(Short descriptive text snippets):
# # # # # # #

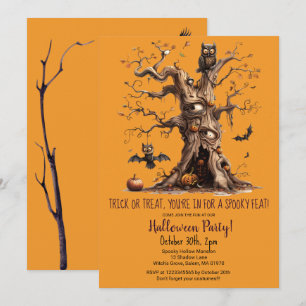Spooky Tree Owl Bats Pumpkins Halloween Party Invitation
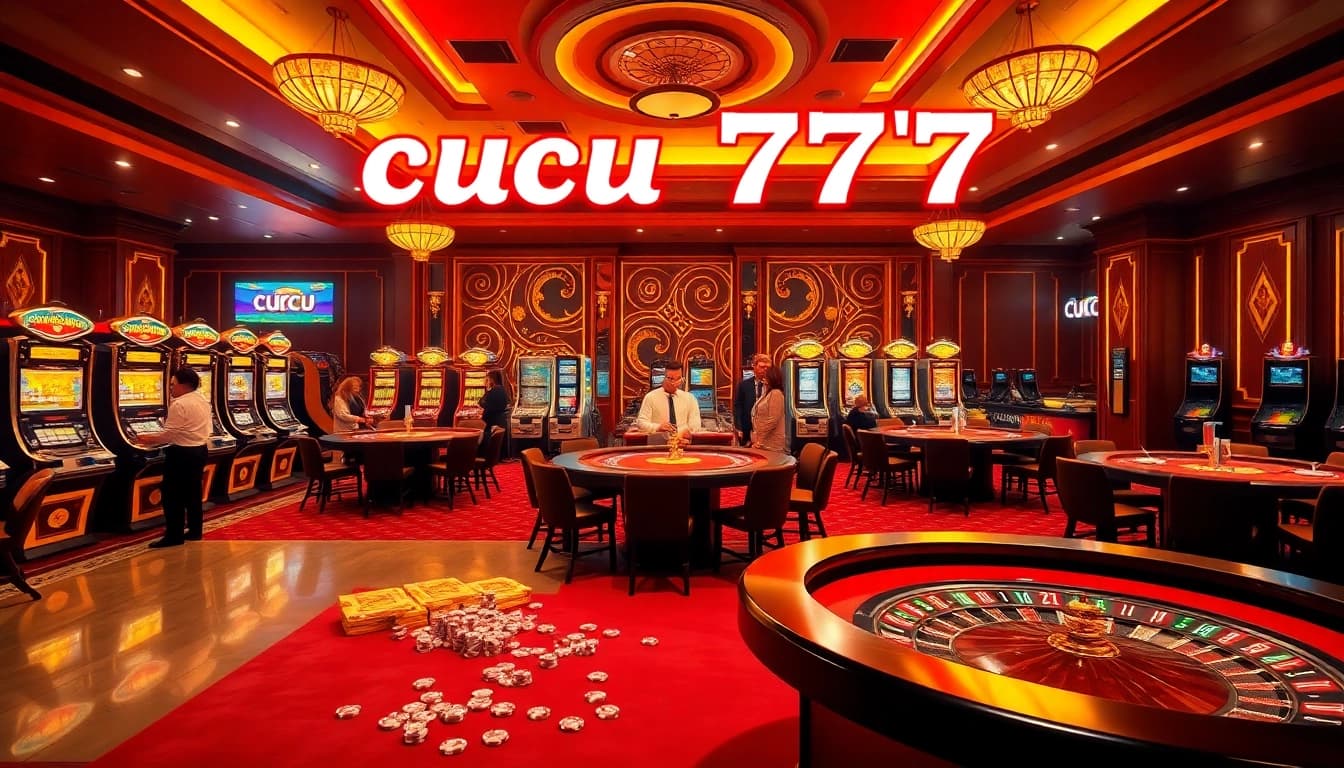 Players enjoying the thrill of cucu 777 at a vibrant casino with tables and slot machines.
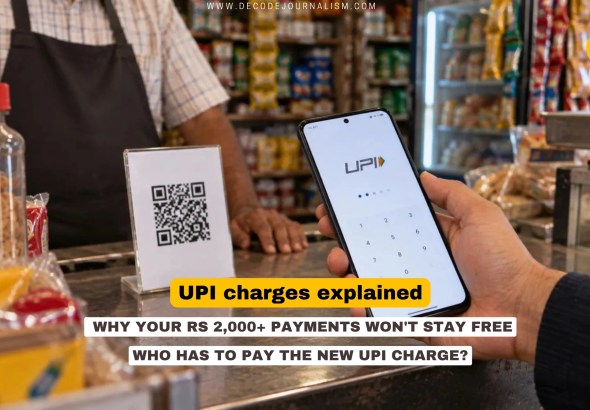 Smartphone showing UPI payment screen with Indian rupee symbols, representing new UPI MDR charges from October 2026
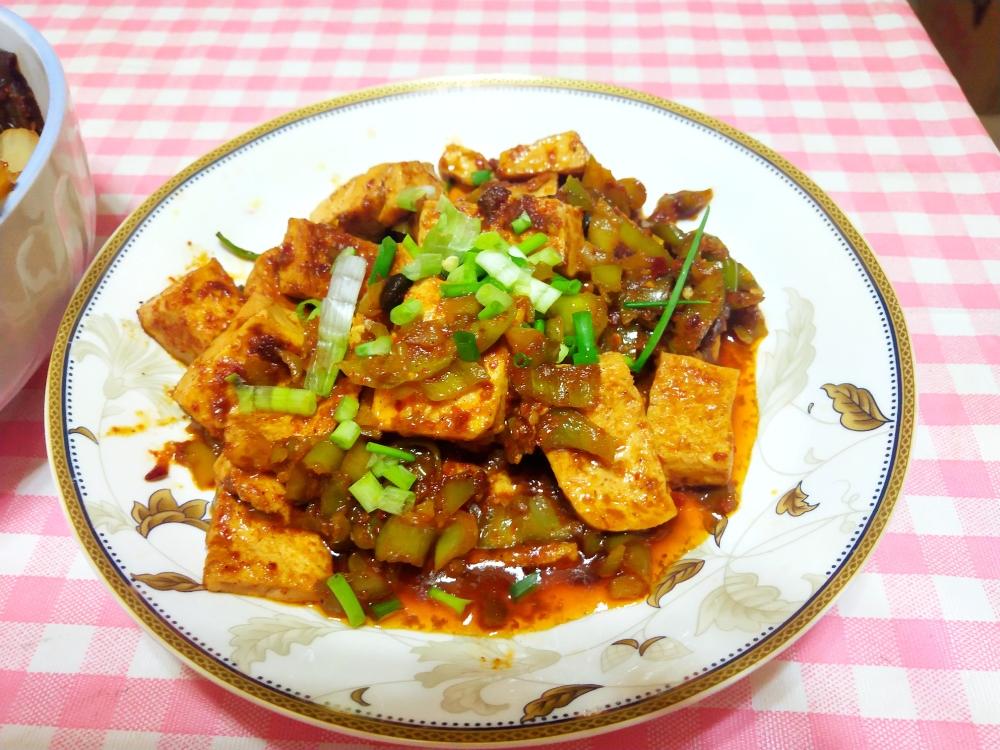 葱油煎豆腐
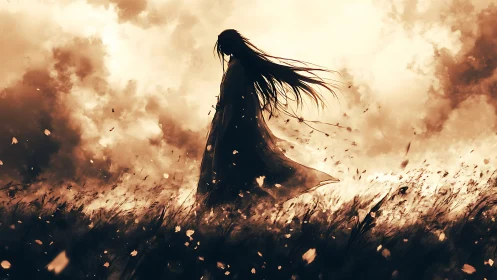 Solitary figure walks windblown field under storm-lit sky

# # # # # # #

The answer is a faithful copy of the records above, with the pictures removed.

Spooky Tree Owl Bats Pumpkins Halloween Party Invitation
 Players enjoying the thrill of cucu 777 at a vibrant casino with tables and slot machines.
 Smartphone showing UPI payment screen with Indian rupee symbols, representing new UPI MDR charges from October 2026
 葱油煎豆腐
 Solitary figure walks windblown field under storm-lit sky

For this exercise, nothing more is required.